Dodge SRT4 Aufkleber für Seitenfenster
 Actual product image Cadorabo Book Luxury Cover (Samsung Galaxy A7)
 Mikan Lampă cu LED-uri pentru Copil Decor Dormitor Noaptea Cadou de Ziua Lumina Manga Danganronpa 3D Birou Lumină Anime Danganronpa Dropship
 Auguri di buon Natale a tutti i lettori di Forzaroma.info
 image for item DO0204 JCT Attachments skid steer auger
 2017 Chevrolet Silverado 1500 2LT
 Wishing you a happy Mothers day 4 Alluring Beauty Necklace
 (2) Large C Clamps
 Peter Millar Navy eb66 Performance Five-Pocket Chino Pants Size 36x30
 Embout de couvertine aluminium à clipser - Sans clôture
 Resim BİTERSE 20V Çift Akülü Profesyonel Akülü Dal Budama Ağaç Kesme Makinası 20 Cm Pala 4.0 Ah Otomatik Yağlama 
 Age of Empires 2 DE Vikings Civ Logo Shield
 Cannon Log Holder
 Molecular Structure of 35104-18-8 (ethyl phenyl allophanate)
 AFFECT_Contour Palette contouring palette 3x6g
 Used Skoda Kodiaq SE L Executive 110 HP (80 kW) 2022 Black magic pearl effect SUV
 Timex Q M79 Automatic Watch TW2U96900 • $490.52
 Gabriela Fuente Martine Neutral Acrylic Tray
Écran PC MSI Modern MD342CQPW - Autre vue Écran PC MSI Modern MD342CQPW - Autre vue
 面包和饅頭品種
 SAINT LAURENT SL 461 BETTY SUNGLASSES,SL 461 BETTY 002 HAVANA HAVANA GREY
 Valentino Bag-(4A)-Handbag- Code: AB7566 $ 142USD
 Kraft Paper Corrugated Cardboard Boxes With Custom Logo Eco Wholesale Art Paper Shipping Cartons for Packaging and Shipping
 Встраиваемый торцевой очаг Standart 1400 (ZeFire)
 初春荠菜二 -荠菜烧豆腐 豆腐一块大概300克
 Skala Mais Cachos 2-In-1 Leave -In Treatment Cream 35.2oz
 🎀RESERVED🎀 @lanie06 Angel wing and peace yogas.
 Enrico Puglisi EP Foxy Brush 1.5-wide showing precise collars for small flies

┄┄┄┄┄┄

The required answer is the exact run of lines above starting at the line with "Gabriela Fuente Martine Neutral Acrylic Tray" and ending at the line with "Valentino Bag-(4A)-Handbag- Code: AB7566", with both ends present.

 Gabriela Fuente Martine Neutral Acrylic Tray
Écran PC MSI Modern MD342CQPW - Autre vue Écran PC MSI Modern MD342CQPW - Autre vue
 面包和饅頭品種
 SAINT LAURENT SL 461 BETTY SUNGLASSES,SL 461 BETTY 002 HAVANA HAVANA GREY
 Valentino Bag-(4A)-Handbag- Code: AB7566 $ 142USD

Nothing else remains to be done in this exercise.